Rows get deleted from pemhistory.* tables when a database cleanup job is executed. All the rows with recorded time greater than the data retention time (for that probe) will be deleted. Likewise, Rows will be updated in pemdata.* each time a probe gets executed, in accordance with the probe’s execution frequency.
Because of the above-described write activity, we may face situations where the PEM purge job is taking more time or increasing the CPU utilization. Here are a few of the reasons why this might be happening, as well as solutions for them:
There are too many rows/data for the pem purge activity to clean up. To resolve this, we need set the proper retention policy for the historical records and may need to run the purge job more frequently.
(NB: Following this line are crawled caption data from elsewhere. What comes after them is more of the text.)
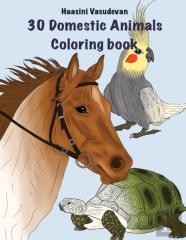 30 Domestic Animals Coloring Book
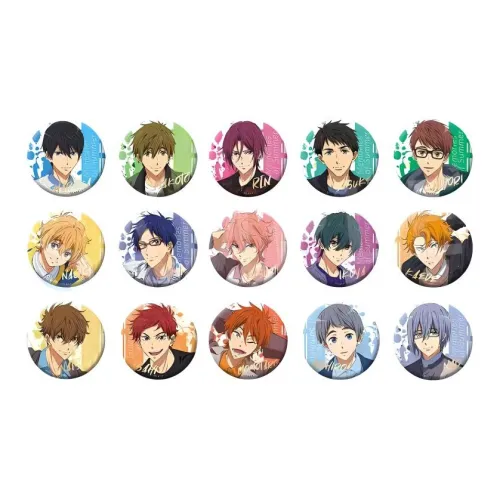 CHAOKEWAN Free! Swim Men's Department 10th Anniversary Commemoration Badge Badge Style Anime / Games Fridge Magnets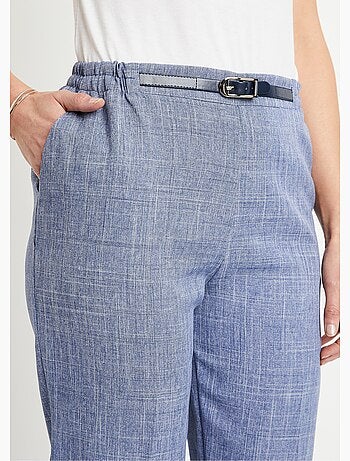 Pantalón cropped con cinturilla semielástica - Afibel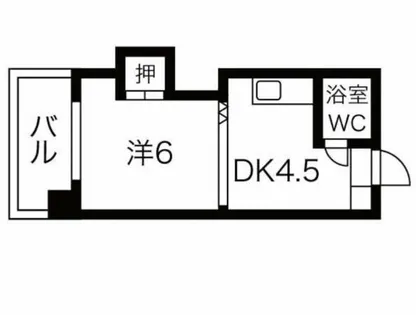 プラザハイツ24【11階】の間取り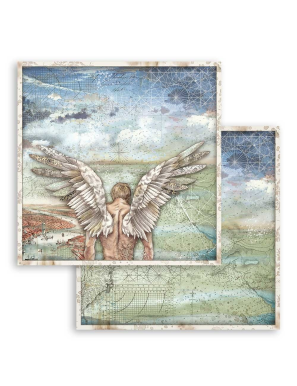 Pochette de 10 feuilles recto verso Sir vagabond Stamperia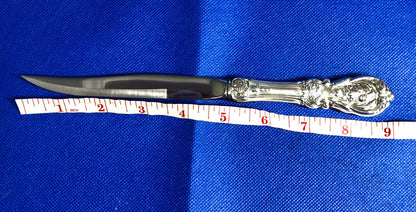 Vintage Reed & Barton Mirror Stele Sterling Silver Handle Francis I Steak Knife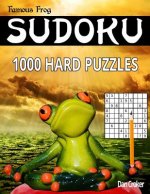 Famous Frog Sudoku 1,000 Hard Puzzles: A Brain Yoga Series Book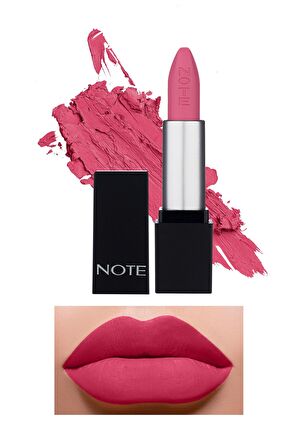 Note Mattever Lipstick Yarı Mat Saten Bitişli Ruj 15 Favorite Pink - Pembe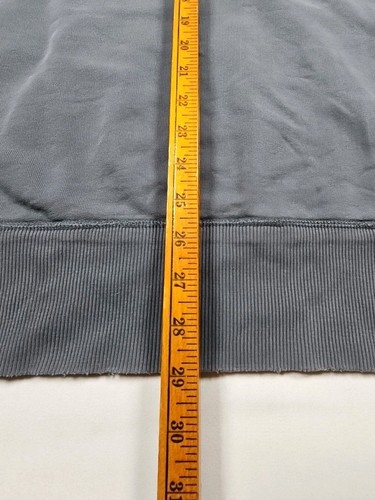 Vintage American Eagle Herren Y2K Distressed Heavyweight Hoodie Sweatshirt grau Gr. XL - Bild 11 von 12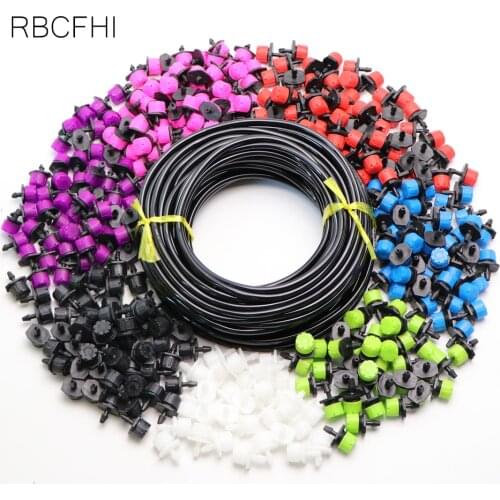 RBCFHl 10M Garden Drip Irriation Kit Adjustable Mist Nozzle Automatic Spray Atomization Watering System For Lawn Vegetable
Incorrect retention periods for the pem probes; for example pemhistory.table_statistics and pemhistory.index_statistics store statistics of all the tables in the database, and are checked every 5 minutes by PEM probes. A simple resolution for this issue is to reduce the frequency at which the probes are fired, thus reducing the amount of gathered data and in turn reduce the rate of increase in size of pemhistory.table_statistics.
Tables are not getting analysed properly and hence statistics are not getting updated. This can be resolved by checking the stats table for the autovaccum/analyse status and if needed, perform manual VACUUM or schedule a VACUUM ANALYZE.
Heavy bloating on a table can cause performance issues and load the server for processing cleanup jobs. A common scenario is continuous delete and update operations on tables; this will increase the bloat of the table. We can check the bloat of the table by using the query specified at the link below from the PostgreSQL wiki and depending on the results, determine the maintenace tasks to execute. PostgreSQL wiki: https://wiki.postgresql.org/wiki/Show_database_bloat
Database is not tuned/configured properly. This will require checking the database settings and updating postgresql.conf accordingly.
Concurrent sessions are blocking to the purge cleanup job. We can check pg_stat_activity if any query is blocking the pem purge job. We can also enable the log_lock_waits parameter so that it will start logging everything about the locking and blocking session.